Re: [PATCH] Fix private_list handling

From: Jan Kara
Date: Thu Jan 10 2008 - 10:55:28 EST


Hi,

sorry for the previous empty email...

Supriya noted in his testing that sometimes buffers removed by
__remove_assoc_queue() don't have b_assoc_mapping set (and thus IO error
won't be properly propagated). Actually, looking more into the code I found
there are some more races. The patch below should fix them. It survived
beating with LTP and fsstress on ext2 filesystem on my testing machine so
it should be reasonably bugfree... Andrew, would you put the patch into
-mm? Thanks.

Honza
--
Jan Kara <jack@xxxxxxx>
SUSE Labs, CR
---

There are two possible races in handling of private_list in buffer cache.
1) When fsync_buffers_list() processes a private_list, it clears
b_assoc_mapping and moves buffer to its private list. Now drop_buffers() comes,
sees a buffer is on list so it calls __remove_assoc_queue() which complains
about b_assoc_mapping being cleared (as it cannot propagate possible IO error).
This race has been actually observed in the wild.
2) When fsync_buffers_list() processes a private_list,
mark_buffer_dirty_inode() can be called on bh which is already on the private
list of fsync_buffers_list().
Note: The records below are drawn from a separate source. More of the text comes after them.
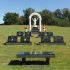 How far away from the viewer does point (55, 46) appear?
2309 cm

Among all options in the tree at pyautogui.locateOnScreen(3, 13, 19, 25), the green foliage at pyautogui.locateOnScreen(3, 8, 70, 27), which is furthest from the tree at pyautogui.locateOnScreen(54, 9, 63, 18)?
the tree at pyautogui.locateOnScreen(3, 13, 19, 25)

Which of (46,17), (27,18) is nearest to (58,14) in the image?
(46,17)

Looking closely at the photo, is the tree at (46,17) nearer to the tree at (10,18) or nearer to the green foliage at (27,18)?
the green foliage at (27,18)

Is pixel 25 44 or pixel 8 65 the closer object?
pixel 8 65

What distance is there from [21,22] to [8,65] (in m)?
80.1

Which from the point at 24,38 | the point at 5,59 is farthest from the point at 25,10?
the point at 5,59

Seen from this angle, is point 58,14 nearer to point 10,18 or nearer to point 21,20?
point 10,18

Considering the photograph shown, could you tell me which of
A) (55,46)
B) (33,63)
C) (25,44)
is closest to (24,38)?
(25,44)

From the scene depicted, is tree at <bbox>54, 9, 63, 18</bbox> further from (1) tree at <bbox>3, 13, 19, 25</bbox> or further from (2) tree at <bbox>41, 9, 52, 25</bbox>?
(1) tree at <bbox>3, 13, 19, 25</bbox>

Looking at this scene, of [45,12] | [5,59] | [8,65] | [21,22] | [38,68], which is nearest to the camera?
[38,68]

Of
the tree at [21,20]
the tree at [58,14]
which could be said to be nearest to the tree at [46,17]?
the tree at [21,20]

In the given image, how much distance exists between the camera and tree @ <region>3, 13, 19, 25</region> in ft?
320

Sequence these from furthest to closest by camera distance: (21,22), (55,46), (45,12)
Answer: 1. (45,12)
2. (21,22)
3. (55,46)

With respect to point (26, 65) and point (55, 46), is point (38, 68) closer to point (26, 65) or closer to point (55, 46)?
point (26, 65) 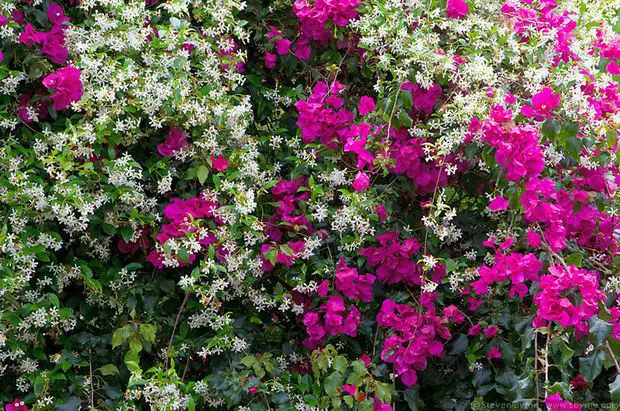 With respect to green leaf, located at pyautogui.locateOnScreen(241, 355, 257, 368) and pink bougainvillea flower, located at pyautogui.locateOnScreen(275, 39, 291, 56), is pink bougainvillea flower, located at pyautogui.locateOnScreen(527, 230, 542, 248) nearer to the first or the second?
green leaf, located at pyautogui.locateOnScreen(241, 355, 257, 368)

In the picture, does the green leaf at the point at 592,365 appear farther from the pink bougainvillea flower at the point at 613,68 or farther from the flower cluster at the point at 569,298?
the pink bougainvillea flower at the point at 613,68

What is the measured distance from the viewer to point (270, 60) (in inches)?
102

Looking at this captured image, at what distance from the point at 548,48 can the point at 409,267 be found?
0.80 meters

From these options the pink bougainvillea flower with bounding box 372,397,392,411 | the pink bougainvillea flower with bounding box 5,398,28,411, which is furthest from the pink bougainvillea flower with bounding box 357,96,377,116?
the pink bougainvillea flower with bounding box 5,398,28,411

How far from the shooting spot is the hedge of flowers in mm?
2076

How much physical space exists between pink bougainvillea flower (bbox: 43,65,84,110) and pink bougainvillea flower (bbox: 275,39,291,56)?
0.70 metres

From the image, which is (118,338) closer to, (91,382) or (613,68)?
(91,382)

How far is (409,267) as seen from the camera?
7.70ft

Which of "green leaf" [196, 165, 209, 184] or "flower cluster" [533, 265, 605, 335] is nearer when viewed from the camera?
"flower cluster" [533, 265, 605, 335]

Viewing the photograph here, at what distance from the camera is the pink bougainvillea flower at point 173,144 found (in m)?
2.23

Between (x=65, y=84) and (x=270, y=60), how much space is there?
2.34 feet

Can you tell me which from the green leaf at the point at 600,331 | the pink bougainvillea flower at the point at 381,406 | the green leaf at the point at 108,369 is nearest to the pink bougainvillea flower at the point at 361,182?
the pink bougainvillea flower at the point at 381,406

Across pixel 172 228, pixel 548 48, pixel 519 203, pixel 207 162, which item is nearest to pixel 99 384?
pixel 172 228

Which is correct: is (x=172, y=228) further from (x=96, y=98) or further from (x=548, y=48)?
(x=548, y=48)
As buffer is on some list (note that the check is
performed without private_lock), it is not readded to the mapping's
private_list and after fsync_buffers_list() finishes, we have a dirty buffer
which should be on private_list but it isn't. This race has not been reported,
probably because most (but not all) callers of mark_buffer_dirty_inode() hold
i_mutex and thus are serialized with fsync().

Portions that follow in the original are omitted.